Why AI Readiness Is an Organizational Learning Problem, Not a Technology Purchase
For corporate leaders and researchers, this reframes AI adoption as a capability development problem, but the claims are based on a synthesis of existing sources without new empirical data.
Despite $252.3 billion in global AI investment in 2024, only 6% of firms report significant earnings impact; the paper argues this failure is due to organizational learning deficits rather than technology gaps, introducing the SIO progression model for enterprise AI capability.
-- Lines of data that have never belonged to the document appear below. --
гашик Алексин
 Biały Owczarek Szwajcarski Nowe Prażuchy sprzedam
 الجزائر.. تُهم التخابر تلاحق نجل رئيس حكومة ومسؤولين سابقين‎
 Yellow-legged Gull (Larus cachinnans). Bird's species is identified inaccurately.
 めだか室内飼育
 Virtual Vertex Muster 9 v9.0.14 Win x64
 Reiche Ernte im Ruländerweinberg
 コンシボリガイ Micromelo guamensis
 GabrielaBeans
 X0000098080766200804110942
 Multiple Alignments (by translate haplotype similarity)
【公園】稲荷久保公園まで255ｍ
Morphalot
Global corporate AI investment reached $252.3 billion in 2024, yet only 6% of firms report significant earnings impact. This article argues that AI project failure is fundamentally an organizational learning problem rather than a technology deficit. Drawing on a systematic synthesis of 19 large-scale industry and academic sources, including surveys of nearly 10,000 organizational leaders, we identify two categories of failure: organizational (culture, leadership alignment, governance, and human-AI learning deficits) and technical (semantic bottlenecks and output management challenges). We introduce the Siloed-Integrated-Orchestrated (SIO) progression model, which maps enterprise AI capability across five pillars -- Culture & Leadership, Human Capital & Operations, Data Architecture, Systems Infrastructure, and Governance & Regulatory Compliance -- and provides prescriptive guidance for advancing between stages. The implications challenge organizations to reframe AI investment as capability development rather than technology procurement.